Why it matters: Do personal injuries resulting from lead-based paint fall under a pollution exclusion in a commercial general liability policy? According to a decision from a Georgia appellate court, the answer is “no.” In this case, the owner of a rental property was sued for failing to abate lead-based paint in a rental property, which allegedly resulted in injuries to a tenant. When the property owner tendered the tenant’s complaint to its insurer, the insurer denied coverage based on the pollution exclusion. In the declaratory judgment action that ensued, the trial court granted summary judgment for the insurer. The appellate panel reversed, holding that, in contrast to certain types of industrial pollution, it was not clear from the language of the pollution exclusion that the presence of leaded materials in a private residence was excluded. If the insurer intended to include lead paint in the exclusion, it should have done so expressly.
Detailed discussion: Amy Smith lived in a rental property with her daughter Tyasia Brown for several years, beginning in 2004. Alleging that her daughter suffered severe and permanent injuries as a result of having ingested lead-based paint in the house, Smith sued the owner of the property. She claimed that a 2007 inspection of the premises by the health department revealed that Brown had been exposed repeatedly and continuously to the lead-based paint that was cracking, chipping, and peeling throughout the house.
When the property owner requested defense for the suit under its commercial general liability policy issued by Georgia Farm Bureau Mutual Insurance Company (GFBM), the insurer denied the request and filed a declaratory judgment action in Georgia state court.
GFBM told the court that it was not required to provide coverage for the alleged injuries or to defend the policyholder because the claimed injuries came within the policy’s pollution exclusion.
The pollution exclusion stated that the policy did not apply to “ ‘[b]odily injury’ or ‘property damage’ arising out of the actual, alleged or threatened discharge, dispersal, seepage, migration, release or escape of ‘pollutants’: (A) At or from any premises, site or location which is or was at any time owned or occupied by, or rented or loaned to, any insured.” The policy defined “pollutants” as “any solid, liquid, gaseous or thermal irritant or contaminant, including smoke, vapor, soot, fumes, acids, alkalis, chemicals and waste.

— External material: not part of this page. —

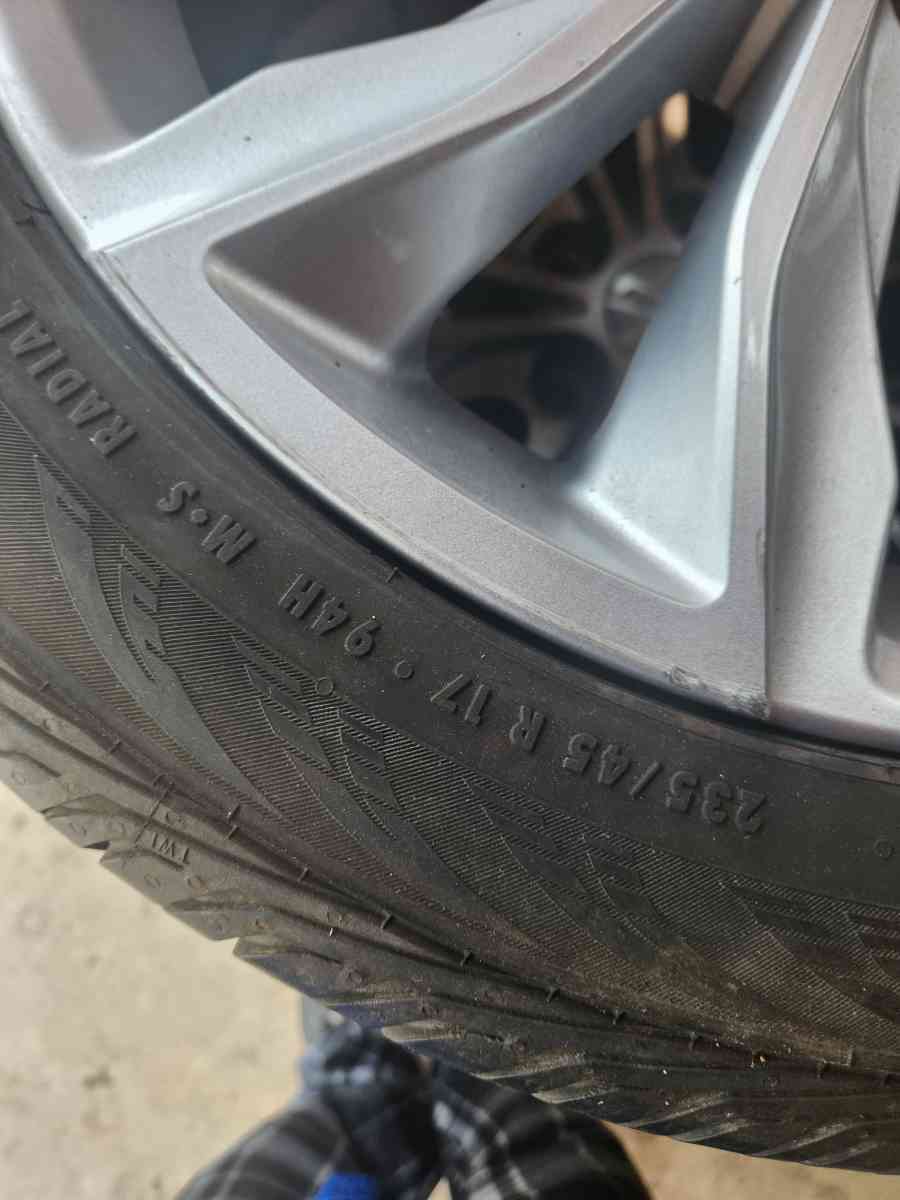 A set of 4 17 inch rims and tires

Waste includes materials to be recycled, reconditioned or reclaimed.”
The trial court judge granted summary judgment to GFBM. The Court of Appeals reversed.

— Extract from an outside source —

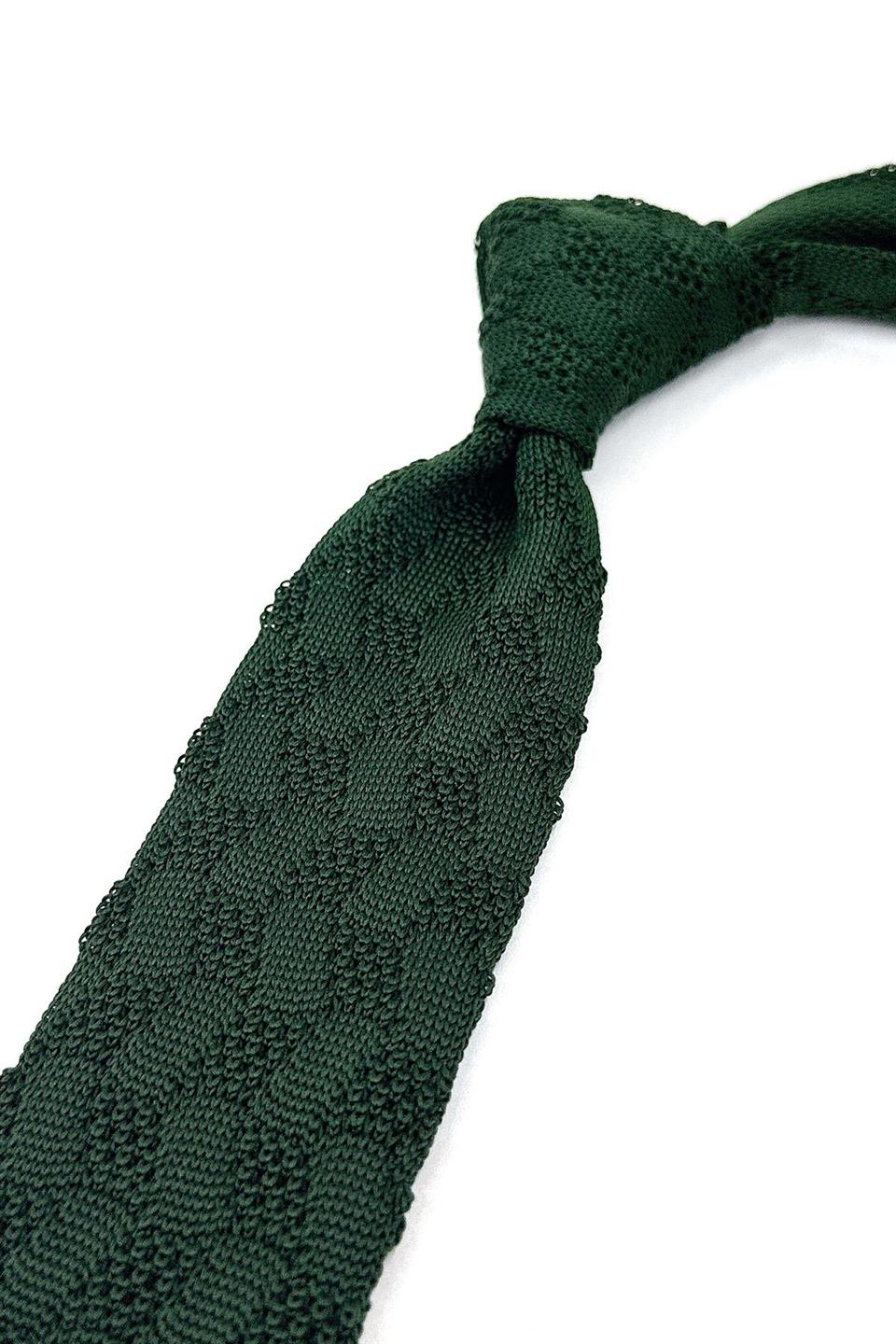 Yeşil Kendinden Desen Örgü Kravat ÖR8346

“We agree . . . that lead-based paint is not clearly a ‘pollutant’ as defined by the policy,” the court wrote. “The policy’s definition of ‘pollutant’ does not include the words ‘lead,’ ‘lead-based paint,’ or even ‘paint.’ Whether lead-based paint is properly classifiable as one of the substances specifically enumerated in the policy’s definition of ‘pollutant’ is not clear.”

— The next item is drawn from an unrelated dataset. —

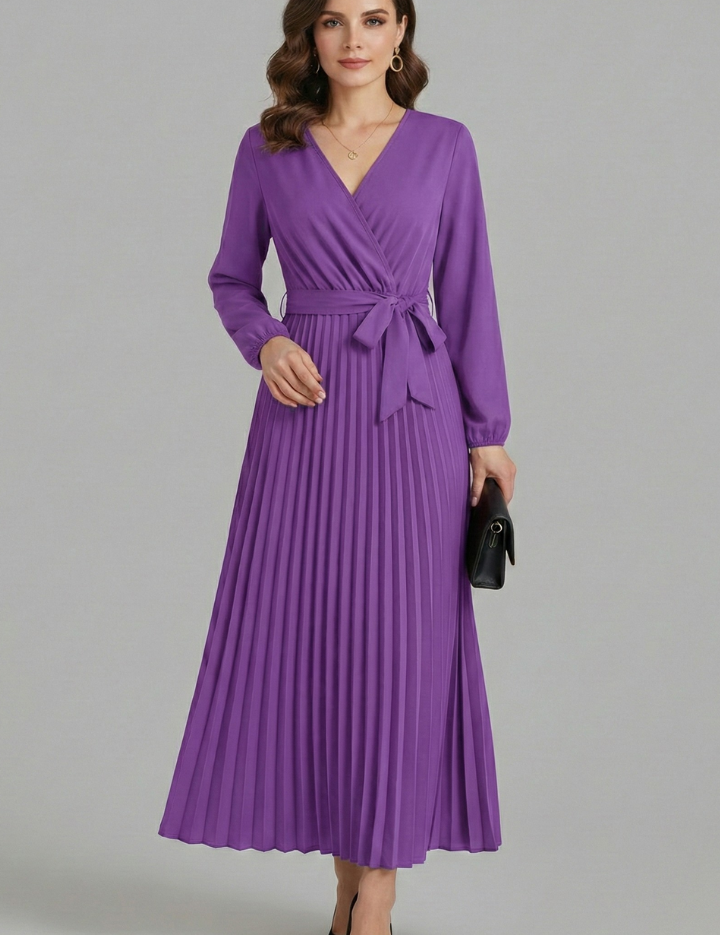Diana Ravenswood | Long Sleeve Pleated Wrap Maxi Dress For Women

The question of whether lead-based paint constitutes a “pollutant” for the purposes of a pollution exclusion clause was one of first impression in Georgia, the panel noted, and cited a conflict in judicial opinions from other jurisdictions on the issue. A review of the other cases convinced the court that the exclusion did not bar coverage for injuries allegedly arising out of the ingestion or inhalation of lead-based paint. In particular, the court noted a Maryland case in which the state’s highest court found that the terms “contaminants” and “pollutants” in a similar pollution exclusion were ambiguous, and did not clearly exclude “leaded materials in a private residence.”
The Georgia appeals panel adopted the same position. “We hold that if GFBM had intended to exclude injuries caused by lead-based paint from coverage in the policy at issue in this case, it was required, as the insurer that drafted the policy, to specifically exclude lead-based paint injuries from coverage,” the panel wrote. “Inasmuch as ambiguities in an insurance contract are strictly construed against the insurer as drafter of the document, and an exclusion from coverage sought to be invoked by the insurer is likewise strictly construed, as in this case, the trial court erred by holding that [lead-based paint] claims came within the policy’s exclusions.”
Reversing the trial court, the appellate panel held that GFBM had a duty to defend the tenant lawsuit.